Именно здесь между языком и речью, с одной стороны, и музыкой, с другой, пролегает главный водораздел. Говорить о языке как первичной, а о музыке как вторичной моделирующих системах значит стирать отмеченное различие. Дело не только в том, что и язык и музыка детерминированы могущественным общим фактором культуры по-разному, но прежде всего в том, что они отвечают и дают выход разным человеческим способностям и потребностям.

Развиваясь как инструмент интеллектуального постижения действительности, естественный язык вырабатывал набор абстрактных знаков (словарь) и абстрактных структур (грамматика), позволяющих обозначать (подменять словами и грамматическими структурами) все объекты и отношения между ними, различаемые в данной культуре. В силу этого язык, подобно фильтру, впускает в сознание только те явления и свойства реальности, которые он способен обозначить. Оперирование понятиями (знаками классов объектов) и грамматическими структурами (знаками типов отношений) делает язык необыкновенно мощным инструментом абстрактно логического описания действительности, но отнимает у него возможность

[362]

представлять единичное, индивидуальное, уникальное. Никакие слова не помогут слепому или дальтонику понять различие между голубым и зеленым, и самые красноречивые описания не сравнятся с тем, что музыка говорит слушателю. Между абстрактной дискретной линейной моделирующей системой языка и иными моделирующими системами — непрерывными, многомерными, апеллирующими к чувственности — нет ни подобия, ни перехода.

Этот контраст можно понять как результат длительной расходящейся эволюции и специализации под знаком дискурсивности, в одном случае, и репрезентативности, в других. В ходе эволюции язык вырабатывал, отбирал, накапливал и классифицировал конечные наборы стандартных единиц — фонем, букв, морфем, слов, частей речи, грамматических структур и т. п. Лингвистически высказывание инвариантно по отношению к способу его материального оформления. Его смысл не зависит от свойств произносящего голоса и его высоты, скорости и громкости речи; буква распознается как таковая в печатном или рукописном тексте, в неоновой рекламе или в камне; слово указывет на всё и каждый из предметов, которые обозначаются или могут обозначаться им. Элементы языка — типовой природы.

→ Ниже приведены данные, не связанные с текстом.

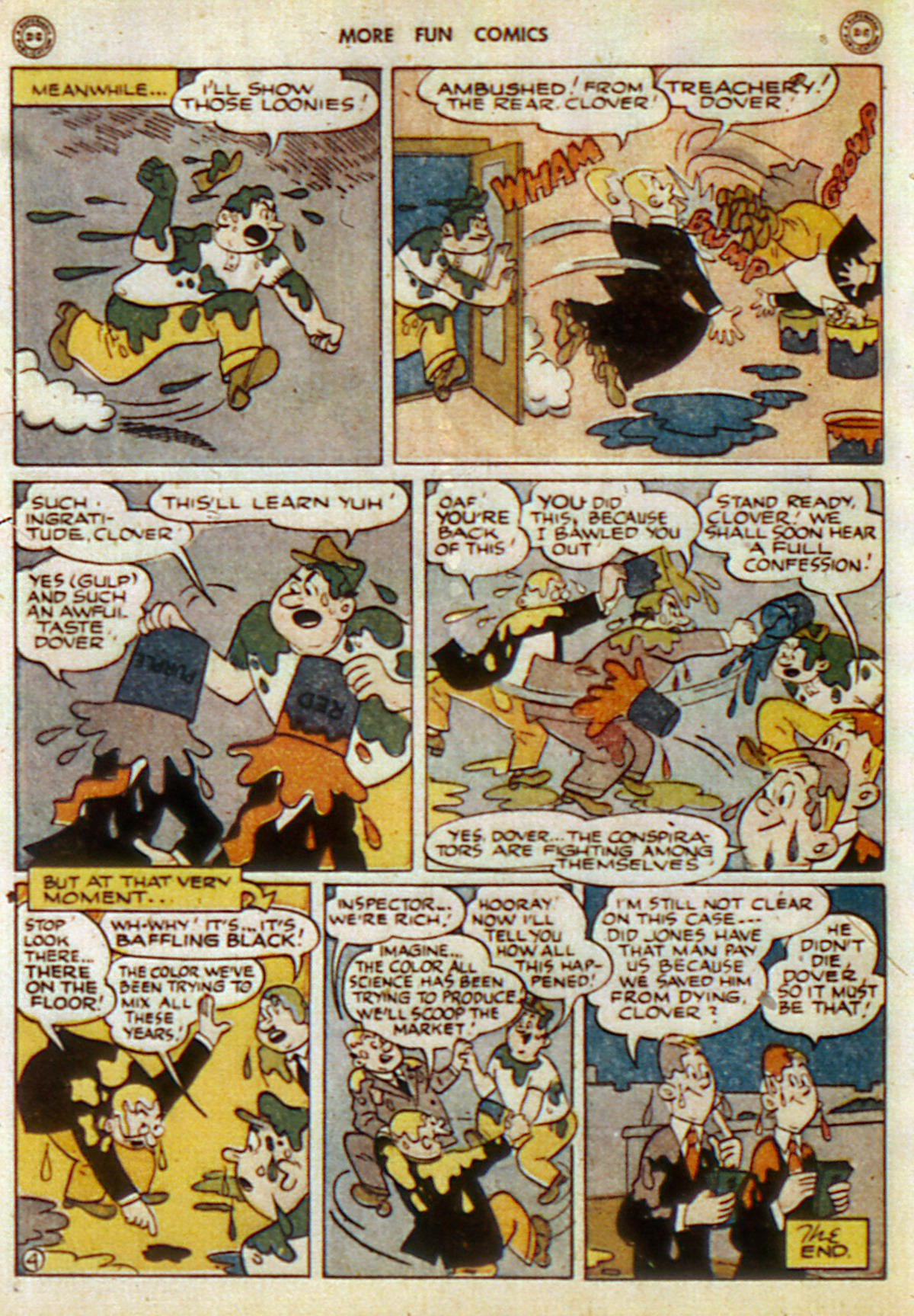 Read online More Fun Comics comic -  Issue #102 - 40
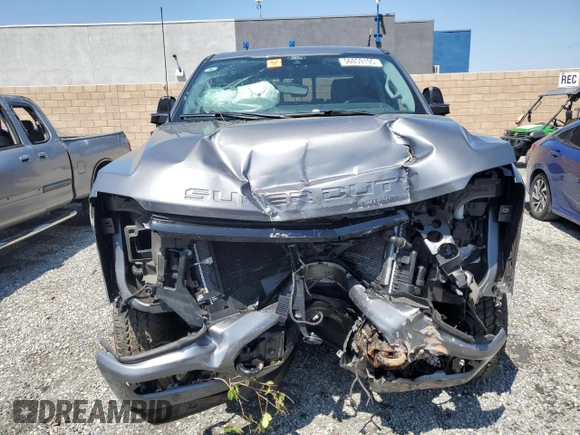 2024 Ford F-250 XL with VIN 1FT8W2BM3REC77366, listed as a Copart auction lot 56059195 with 6,038 mi miles and Salvage title. Bid and sale history available at DreamBid. Image 5.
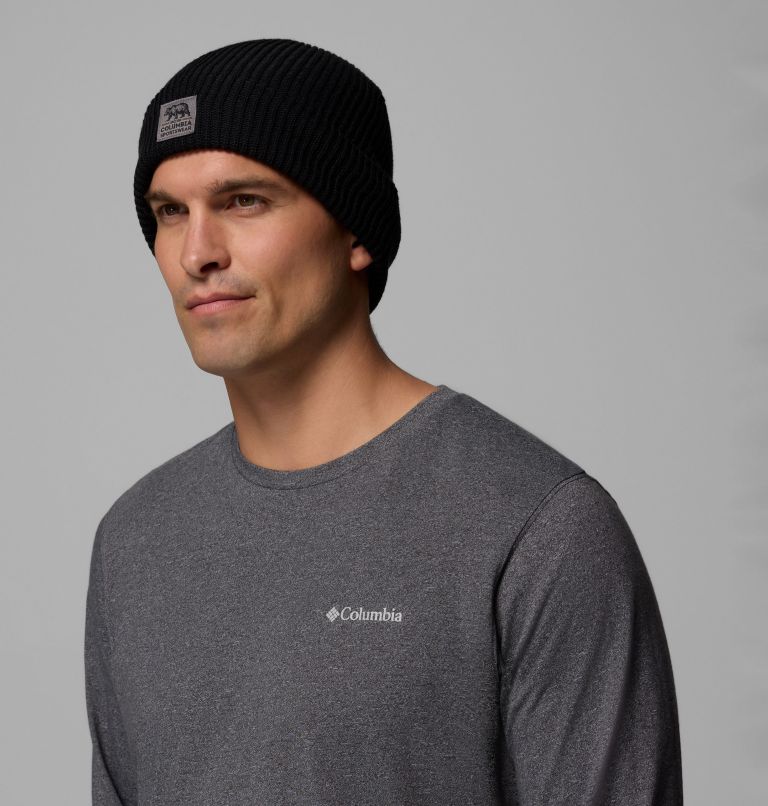 Lost Lager II Beanie, Color: Black, Walking Bear, image 3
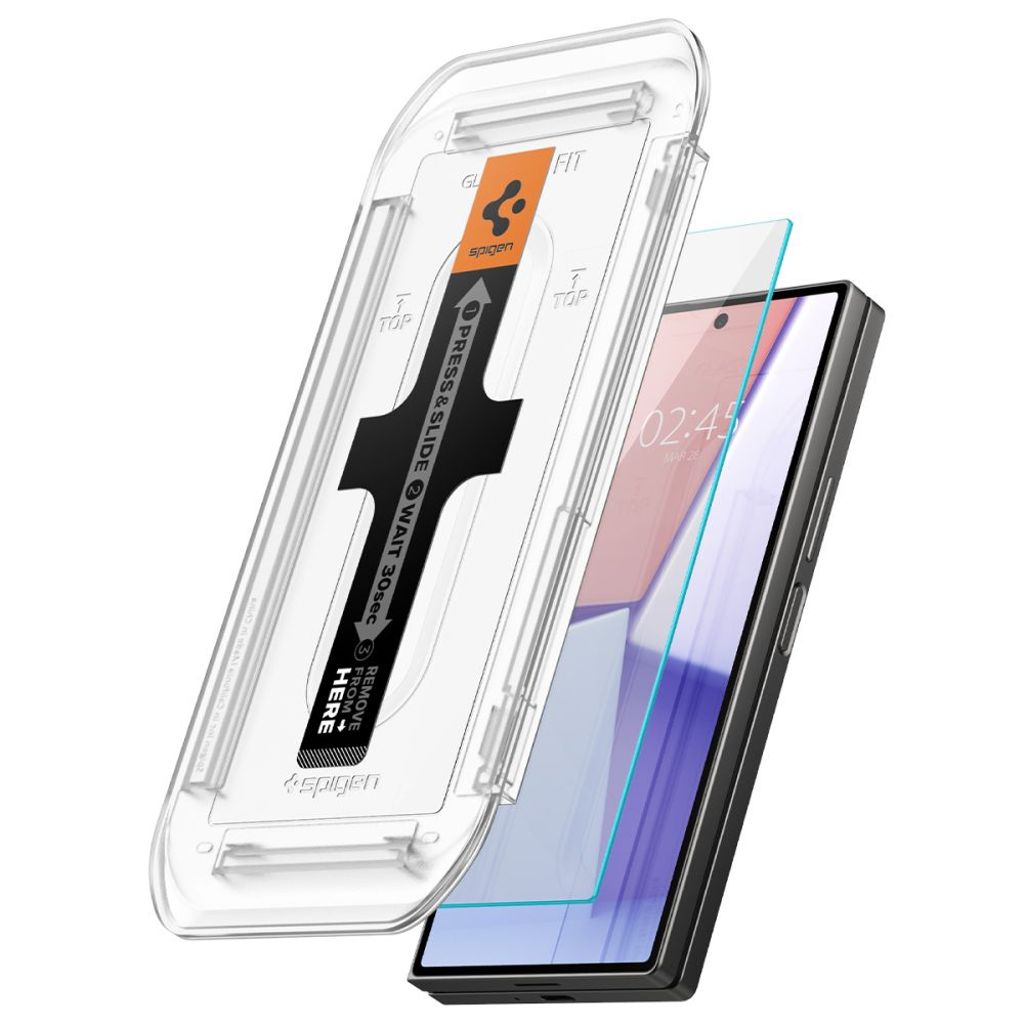 Spigen Glas.tR EZ Fit 2-Pack Skjermbeskytter til Samsung Galaxy Z Fold 6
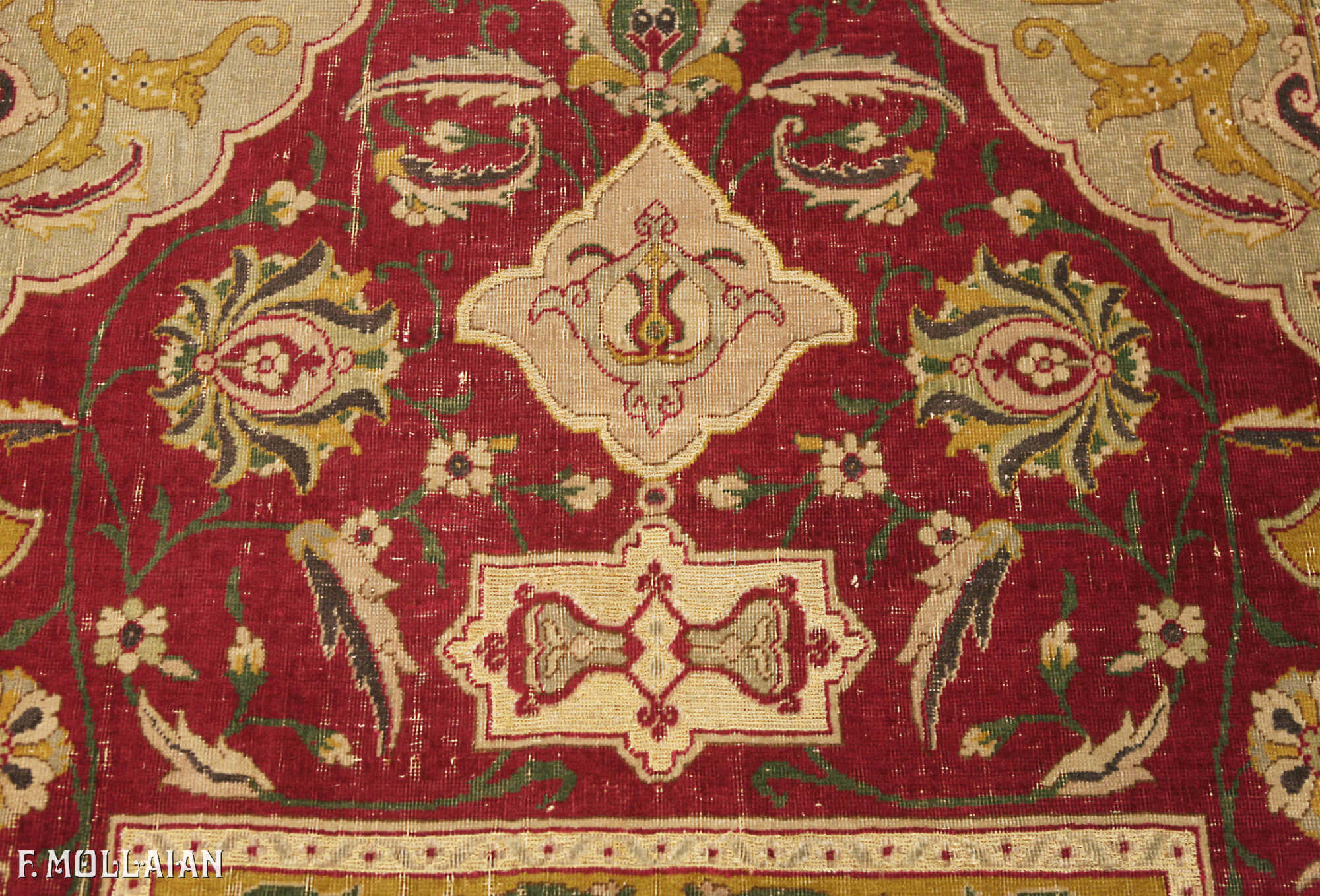 Teppich Indisch Antiker Polonaise n°:34246928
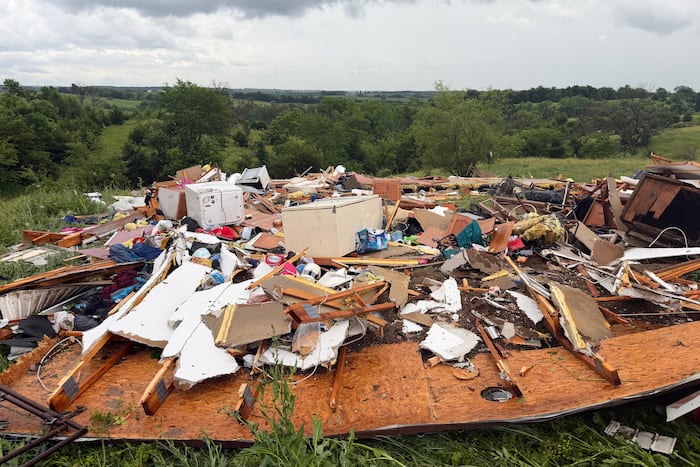Tornadoes touch down outside Chicago as severe storms pummel the Midwest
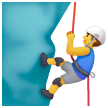 Man Climbing on Samsung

Элементы музыкального высказывания — иной, сингулярной природы. Только в музыкальной теории, утилизирующей принципы языка, они представляются конечным набором стандартных единиц. И только в форме нотации — этого аналога письменной речи — они выглядят как линейно организованные дискретные элементы. Звучащая музыка состоит из бесконечного множества неповторимых элементов. Тона одной и той же высоты и длительности не тождественны друг другу: их музыкальное значение меняется с тончайшими изменениями звукоизвлечения, тембра, динамики, фона и контекста. Каждый отдельный тон дает слушателю возможность пережить уникальную реальность — живой, конкретный, богатый опыт, который не может быть получен никаким иным путем.

В отличие от эволюции языка и речи, конкретность звукового материала была и остается одной из важнейших забот несчетных поколений музыкантов во всех известных культурах. Для музыки неизмеримо важнее, чем для речи, произносится ли фраза мужским, женским или детским голосом, и особенно важны индивидуальные особенности голосов. Возможности человеческого голоса и приемы пения веками развивались и культивировались в различных культу-

[363]

pax, породив необъятное многообразие стилей, техник и манер. Точно так же сокровищница музыкальных звучаний непрерывно обогащалась посредством создания и совершенствования музыкальных инструментов, исчисляемых тысячами, выработки и шлифовки приемов игры на них.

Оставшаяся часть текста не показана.